1968 – Martin Luther King is assassinated. Blacks nationwide take to the streets, causing massive damages to cities across America.

1968 – Civil Rights Act of 1968 was passed: Fair Housing Act (FHA) makes discrimination in housing illegal. Laws against “hate crimes” and laws against discrimination with those with disabilities, in regards to housing, were made illegal.

1968 – The MPA film rating system comes into being. Though the intended purpose may have been to protect minors from objectionable materials, in actuality it gave the movie industry the green light to produce films with sex, violence, and obscenity on a scale never seen before. The MPA film rating system is voluntary, though few theaters will show a movie without a rating.

1968 – Deja Vu, founded by the Jew Harry Mohney, makes it’s debut and eventually becomes the world’s largest strip club firm. In addition to strip clubs, Deja Vu owns numerous gay bars, adult novelty stores, and nightclubs.

1969 – ARPANET is born, which becomes the predecessor to the modern Internet.

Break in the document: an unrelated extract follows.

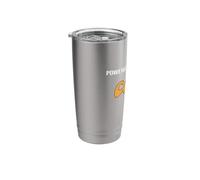 Caféine et les bonnes intentions - amateur de café amusant Gobelet isotherme en acier inoxydable double paroi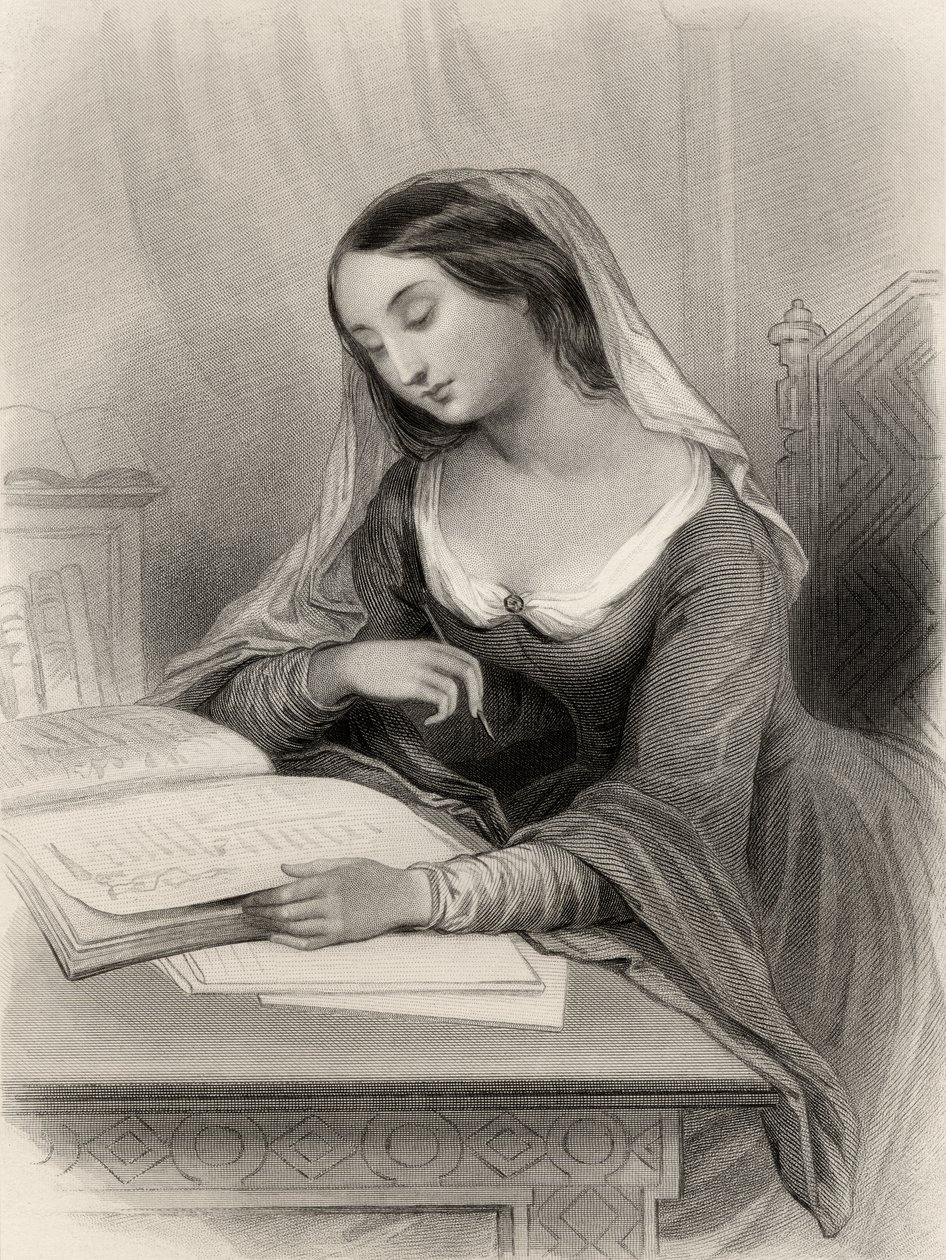 Heloise (1101-60) Illustration aus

1970 – World’s first gay pride rallies take place in New York City, Chicago, and San Francisco. The marches were in commemoration to the Stonewall Riots that took place the year before, when New York City police came into violent confrontations with the gay community.

1971 – The Bretton Woods Systems ends, as with the convertibility of the US dollar into gold. The US could now run large trade deficits. This de-industrialized America, outsourced American jobs, and brought in cheap low-quality goods from China and other developing countries in the name of profits and free trade. The end of Bretton Woods began the era of globalization.

1971 – The Southern Poverty Law Center (SPLC) was founded by Morris Seligman Dees, Joseph Levin, and Julian Bond. The SPLC is a radical liberal organization that goes after white nationalists and other “hate” groups. They work closely with the federal government and the FBI. A little background on SPLC’s founders: Joseph Levin was a Jew and Julian Bond’s second wife was Jewish. Co-founder Morris Seligman Dees claims to not be Jewish. The story was that his grandfather named him Morris Seligman in honor of a Jewish friend.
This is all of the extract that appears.